There is a saying I came across recently that reads: If you always do what you always did, you will always get what you always got.

So, number 1, you need to learn from your mistakes and

Number 2, you need to be less needy. It sounds to me as if you MUST have a b/f and ANYONE will do. You might be better off putting some effort into your girl friendships and just relax and have some fun doing girl stuff. You don't need a bloke on your arm to validate you. You are a good person in your own right.

Eventually you will meet some nice chaps and find one who is right for you, but you need to choose who you will date, not just accept anyone who asks and then act like a total doormat for them - no wonder they walk all over you. You need to learn some self-respect. I suspect you have father issues in that your father was never 'there' for you and you're trying to find a replacement for him, someone who will care for you and look after you.

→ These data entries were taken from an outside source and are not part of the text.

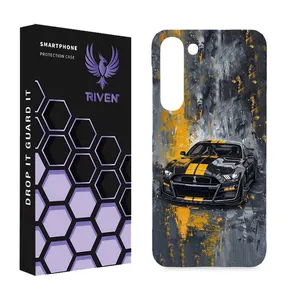 RIVEN RI2-4 Case For Samsung Galaxy S23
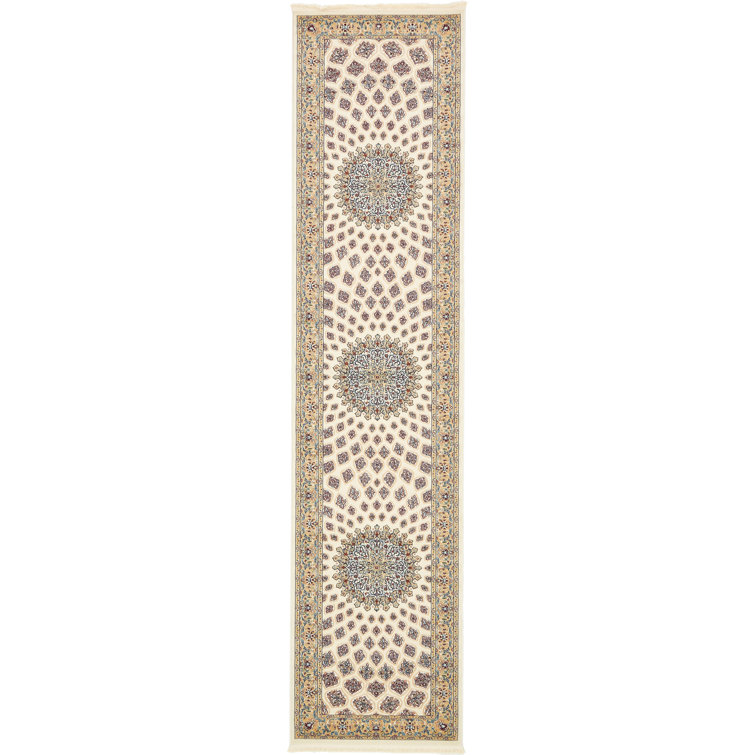 Jackson Floral Indoor Rug
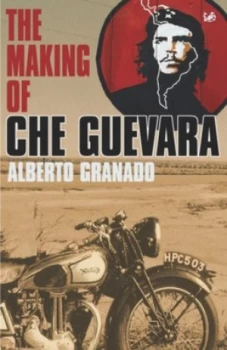 Image of Travelling with Che Guevara by Alberto Granado Paperback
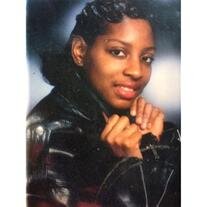 Wynella Michele Williams
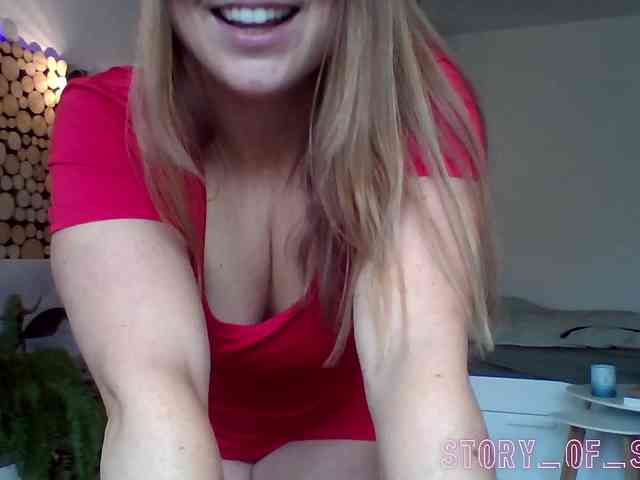 Sarahrose webcam
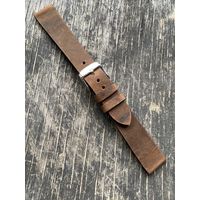 Ремень для часов 18 мм ( Лот с рубля )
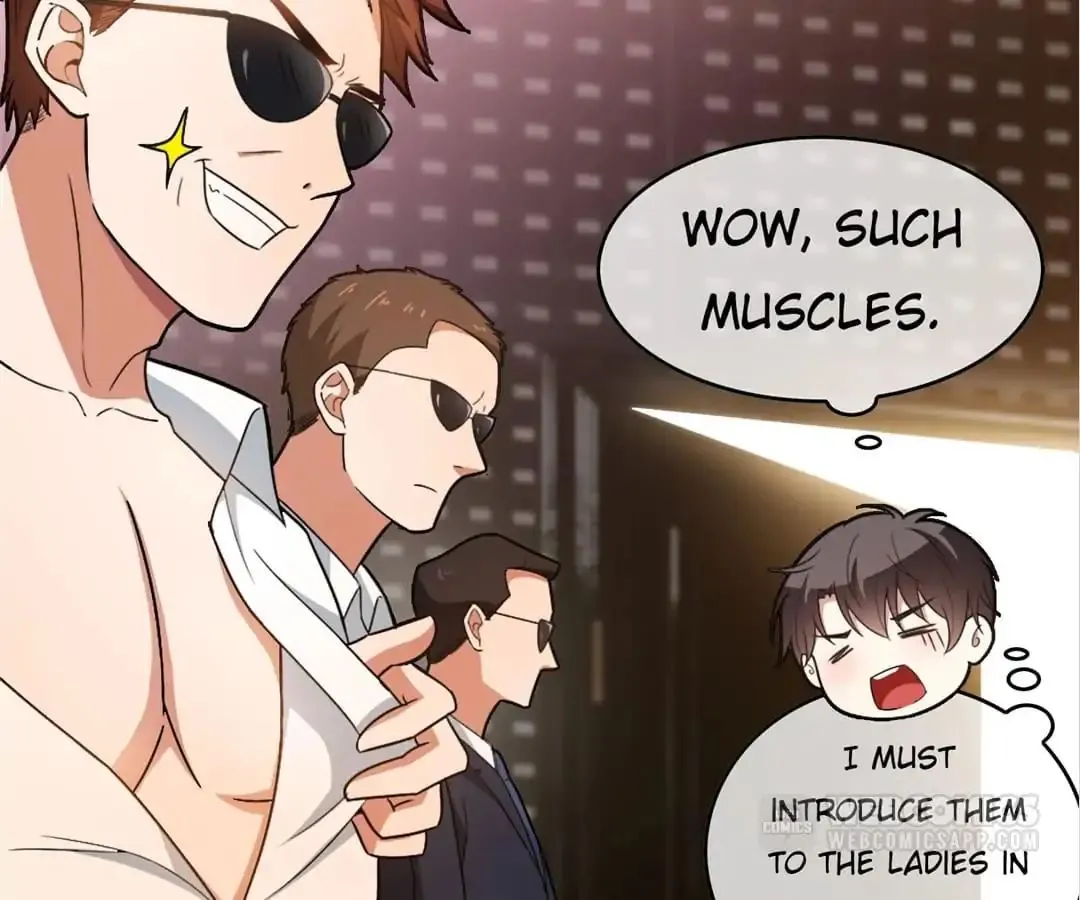 Chunqing Lushao Chapter 48 page 6 - 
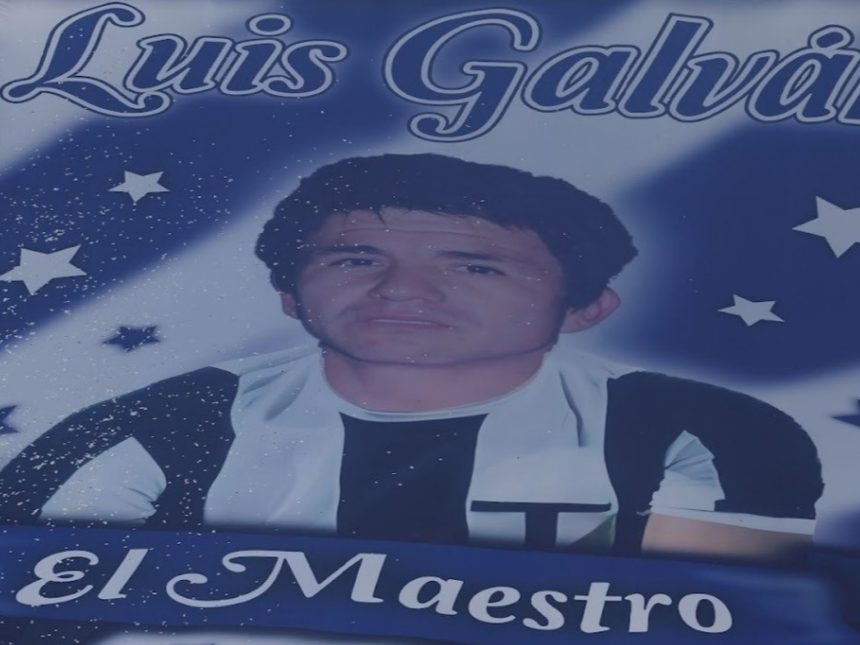 Emotivo homenaje de Kempes a Luis Galván: Un legado imborrable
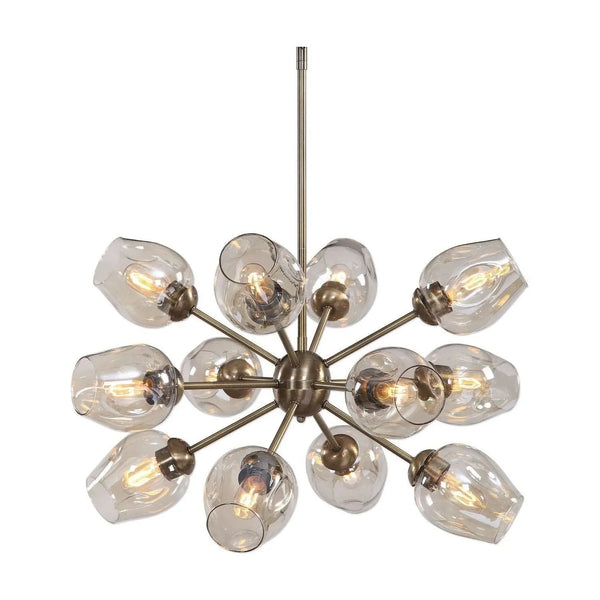 Chet Chandelier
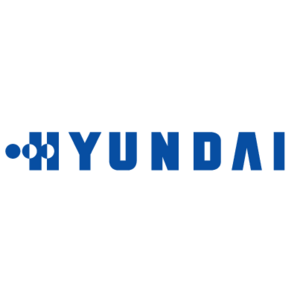 Hyundai Electronics Industries Logo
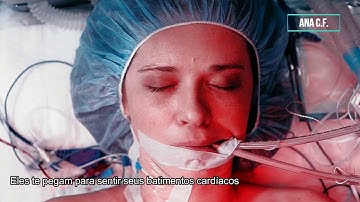 Thumbnail of Chord Overstreet  - Hold On (Legendado /Tradução)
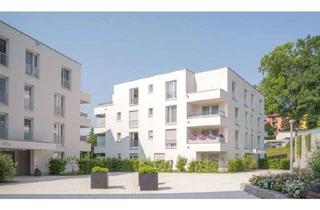 Wohnung mieten in 78112 St. Georgen, Betreutes Wohnen ab 60 Jahren: Barrierefreie 2‑Zimmer-Wohnung mit Balkon und Einbauküche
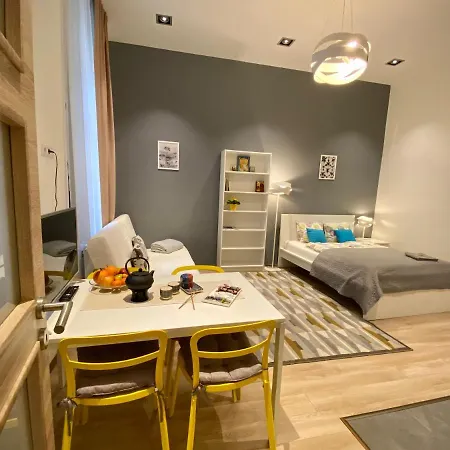Gracia House 4*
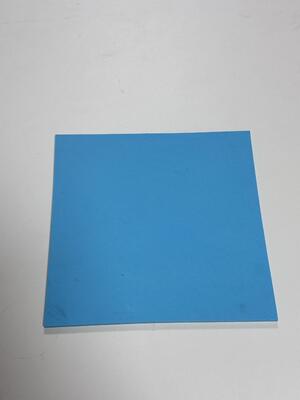 Colorful Customizable EVA Foam Sheet Rolls Precision Cut to Size Ideal for Crafting DIY Projects Protective Packaging and Industrial Uses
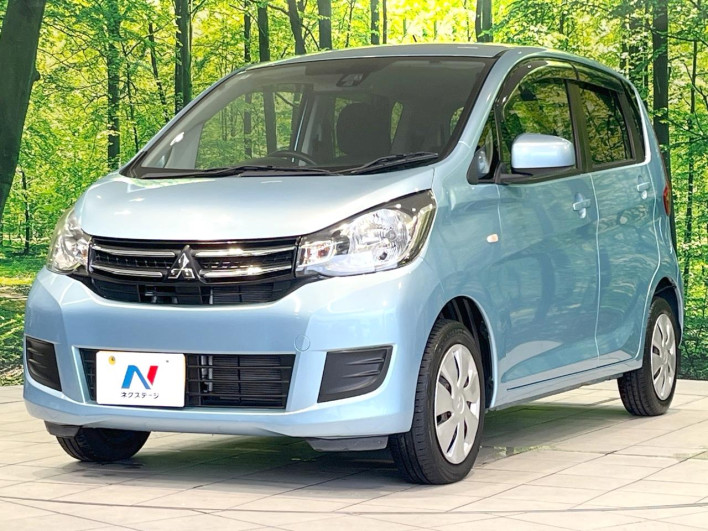 2017 Mitsubishi eK Wagon DBA-B11W (UW-6a30bd8d543bf)[13]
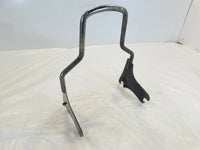 Harley Davidson Touring Electra Glide Road Glide Detachable Sissybar Backrest - C3 Cycle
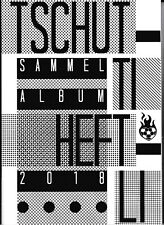 Tschutti heftli 2018 gebraucht kaufen  Dortmund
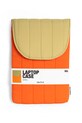 Obal na notebook Helio Ferretti 26 x 37 x 2,5 cm oranžová 122599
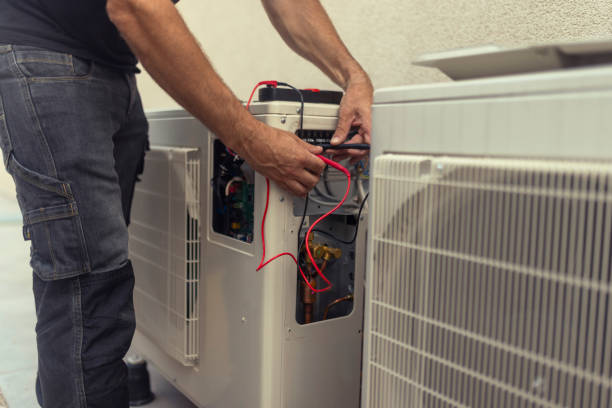 Best Residential HVAC services  in Dawson, TX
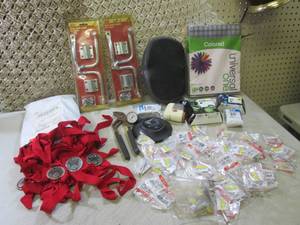 Lot of Misc Several Basketball Meda...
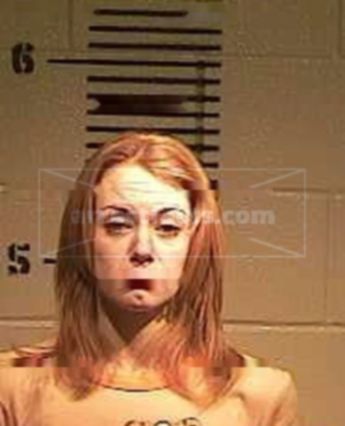 Brandi Michelle Clanton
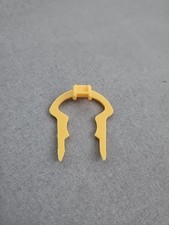 NEW OEM SUNCAST HOSE REEL YELLOW RETAINER CLIP ONLY 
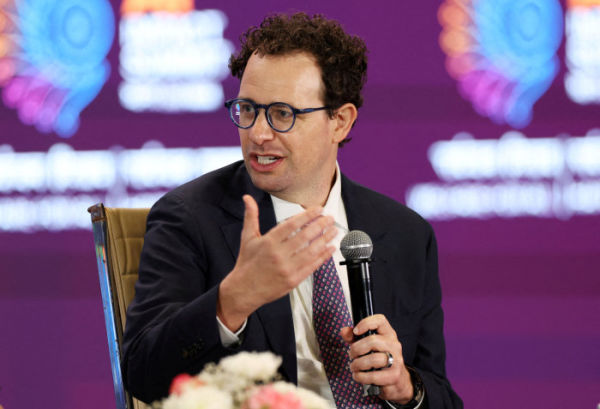Anthropic Files IPO Paperwork - WSJ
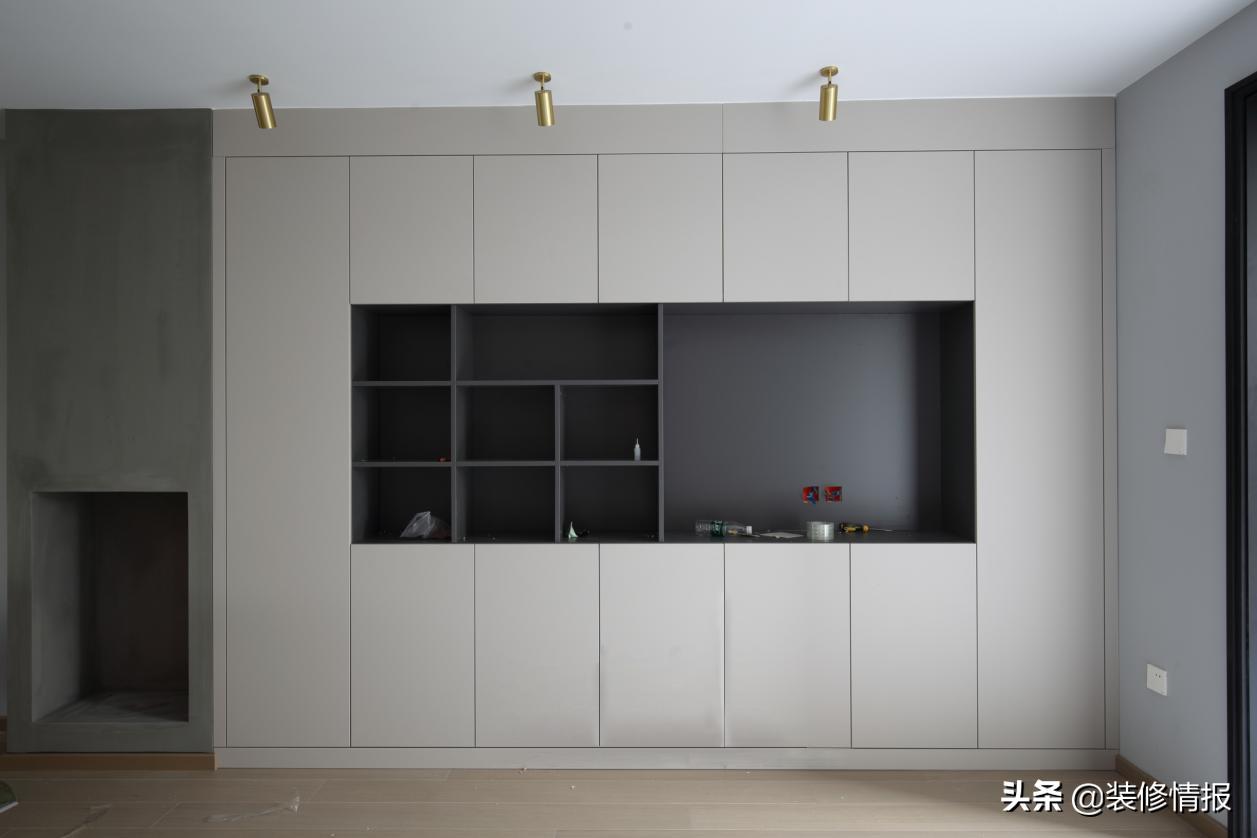 真正的全屋定制必须满足这三点,全屋定制该怎么选才是最好的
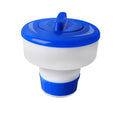 Floating Pool Chlorine Dispenser by DailySale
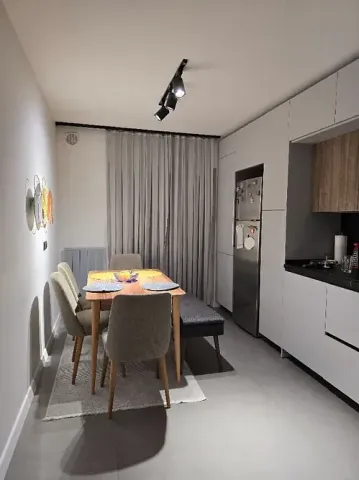 Cata Ct-5334B 30W Babil Ray Tipi Led Armatür (Beyaz)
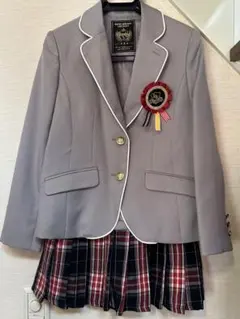 卒服2点セット reppi armario Lovetoxic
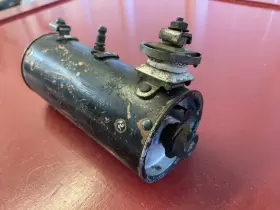 287-A DELCO Davis Elcar Jordan Moon Meteor Ignition Coil Nash #3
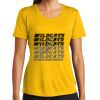 Women's PosiCharge ® Competitor Tee Thumbnail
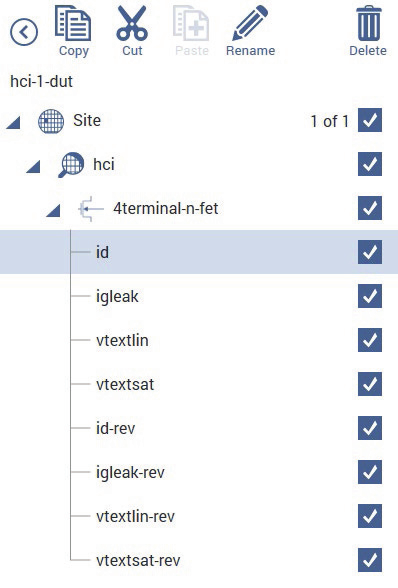 如何用4200A-SCS進行晶圓級可靠性測試？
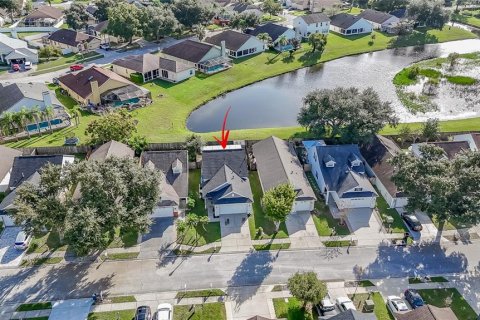 Casa en venta en Wesley Chapel, Florida, 3 dormitorios, 132.01 m2 № 2428930 - foto 30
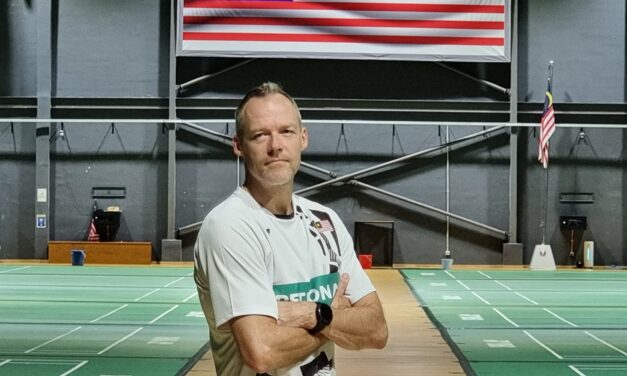 Perseorangan negara belum cukup bagus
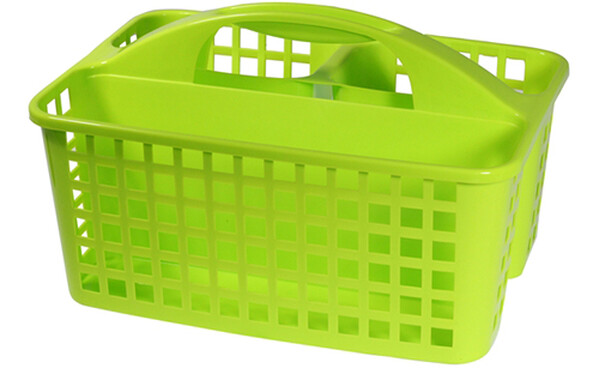 Органайзер -переноска Салатовый ("М-пластика") (М 1591)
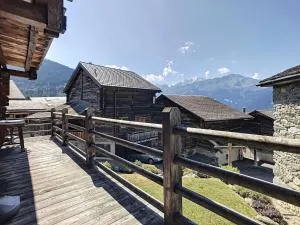 Laiterie 1 - Le Châble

It's not gonna happen. It's one of life's blows. We all have to learn to stand up and be strong for ourselves. Take some time out to learn who you are and what you want from life. Put some time into your studies. Think about the qualities you would like in a man. Make friends with other men and girls and stop just looking at all men as potential partners.

I'm sorry if this sounds harsh but if you don't learn some self-respect you will probably end up with a handful of kids and some loser for a partner, who won't particularly care about you and then you'll be stuck for life, caught in a poverty trap, giving your kids a poor quality upbringing and wishing to God you'd made different choices when you had the chance.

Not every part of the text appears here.